Born in 1982 in Borno province, Nigeria, al-Minuki became one of the main figures of the Islamic State in West Africa (ISWA) after the death, in 2018, of the former group leader in the region, Mamman Nur, according to specialists from the Counter Extremism Project NGO, cited by ABC News.

Al-Minuki was based in the Sahel region and reportedly fought in Libya when Daesh was active in that North African country over ten years ago. He is also considered one of the main architects of the formation of the Islamic State in West Africa after its split with Boko Haram in 2016.

Abou Bilal al-Minuki was placed under American sanctions in 2023 for his links with the Islamic State group.

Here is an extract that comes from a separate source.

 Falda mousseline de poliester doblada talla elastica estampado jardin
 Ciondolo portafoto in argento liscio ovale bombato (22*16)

“If the elimination of Abou Bilal al-Minuki is confirmed, it would be a major blow to IS in West Africa and the Sahelian branch. He is the man of connection and relations between the two,” commented France 24 journalist and jihadist movements specialist Wassim Nasr.

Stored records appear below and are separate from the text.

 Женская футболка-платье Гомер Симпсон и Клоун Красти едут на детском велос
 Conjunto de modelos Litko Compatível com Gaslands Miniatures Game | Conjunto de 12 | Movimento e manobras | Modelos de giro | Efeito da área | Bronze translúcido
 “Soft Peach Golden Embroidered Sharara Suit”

The spokesman for the Nigerian army, Sani Uba, stated that the operation followed intelligence indicating that al-Minuki and his international terrorist cell had hidden a fortified enclave in an isolated village of Metele, located in the Lake Chad basin, in the northeast of Borno State, the epicenter of an armed insurgency lasting 17 years.

This is the second time in five months that the American president has launched a military intervention in Nigeria, where he denounces persecutions against Christians.

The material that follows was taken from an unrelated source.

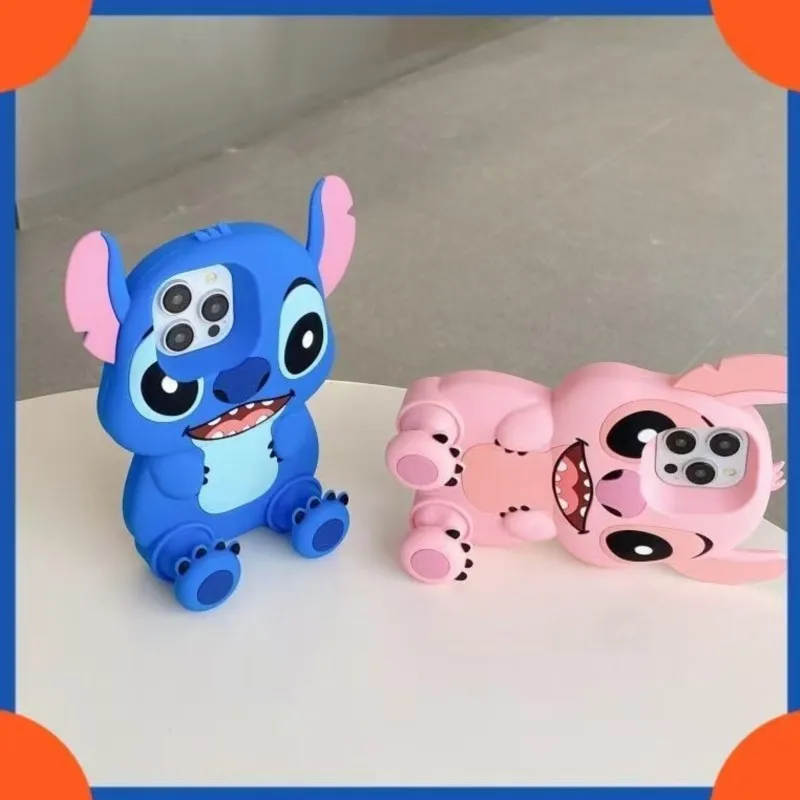 Disney Cute 3D Cartoon Big Ears Stitch Silicone Phone Case Suitable for iPhone 16 15 14 13 12 11 Pro Max Plus XR XSMAX 7 8 Plus 2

The resurgence of deadly attacks and mass abductions in recent months draws the attention of the United States. President Donald Trump asserts that Christians in Nigeria are “persecuted” and victims of a “genocide” perpetrated by “terrorists,” a claim strongly denied by Abuja and most experts, as the violence affects Christians and Muslims indiscriminately.

The American military, in coordination with Nigerian authorities, carried out strikes in Sokoto State on Christmas Day targeting, according to Washington, IS jihadists.